Parmigiano-Reggiano is a cheese of ancient origin and its characteristics and processing methods have remained unchanged over time. Still today, cheese masters continue the tradition of making their cheese with only milk and rennet, with strict respect to the centuries-old methods.

The birth of this fine cheese, a symbol of Italian cheese making excellence, dates back to about the 12th century, even though the Romans and Etruscans were already familiar with this cheese produced in the Reggio Emilia area.

The first evidence comes from Cistercian monasteries in Parma and Benedictine monasteries in Reggio-Emilia: thanks to the abundant streams of water and broad pastures, this hard cheese, obtained by processing the milk in large boilers, quickly spread throughout the area around Emilia. A milk with a particular and distinctive aroma that still today characterises the cheese, coming from typical forage from the pastures, composed of clover and lucerne.
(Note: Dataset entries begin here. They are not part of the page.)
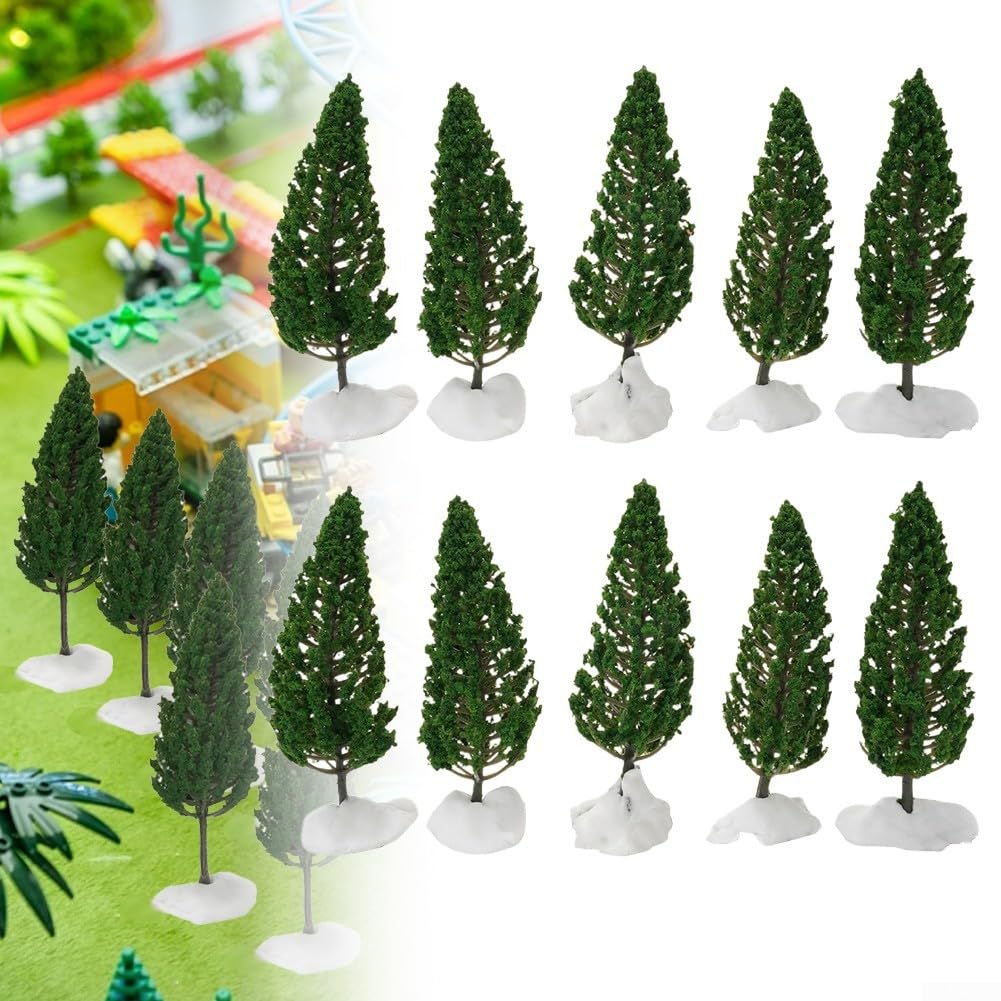 10pcs For Scale Railway Layout Model Pine Trees, Green, 11cm Height, Plastic Material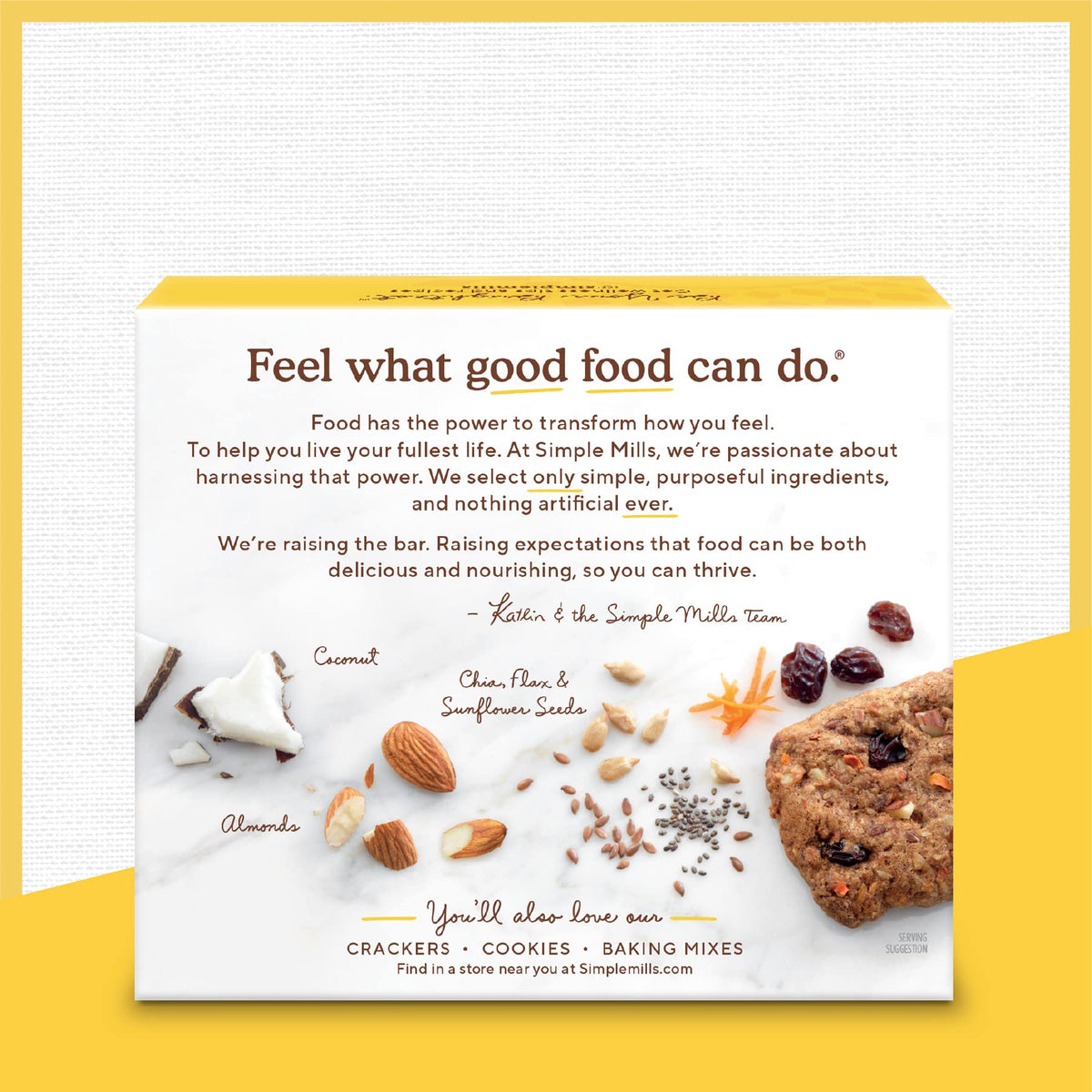 Simple Mills Almond Flour Snack Bars – Spiced Carrot Cake, Gluten Free, Paleo Friendly, 6 oz Pack of 6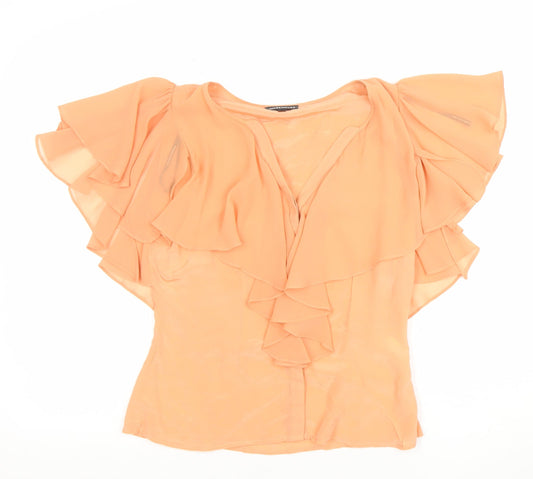 Warehouse Women’s Beige Chiffon Ruffle Wrap Blouse Size 10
Already back then, Parmigiano-Reggiano cheese had reached its perfect typicality, which has remained unchanged for nine centuries up to the present day, thoroughly expressing the tradition and precision of the monks.

“And there was a mountain of grated Parmigiano cheese, on which people were making nothing but maccheroni and raviolis, and cooking them in chicken broth...”
This dates back to 1351, when Giovanni Boccaccio wrote in Decamerone, a writing in which Parmigiano Reggiano was mentioned as a product of excellence, of universally renowned fame.

In the 16th century it was the subject of Italian pride and undisputed star of noble lunches, where it was especially enjoyed when combined with fresh fruit. It is said that, before dying, Molière (1600) had asked for one last chunk of this white gold.

Evidence of a success story also comes from the 1800’s, a prodigal century for quotes and honours for Parmigiano Reggiano. It seems that the French emperor Napoleon Bonaparte loved to eat a dish of green beans and Parmigiano Reggiano, prepared by his personal chef which was discovered thanks to this second wife, the Duchess of Parma Maria Luigia.

The success of this divine product is endless, and today it is one of the most highly representative products of Italian gastronomy in the entire world.

Parmigiano Reggiano was awarded the Protected Designation of Origin status in 1955.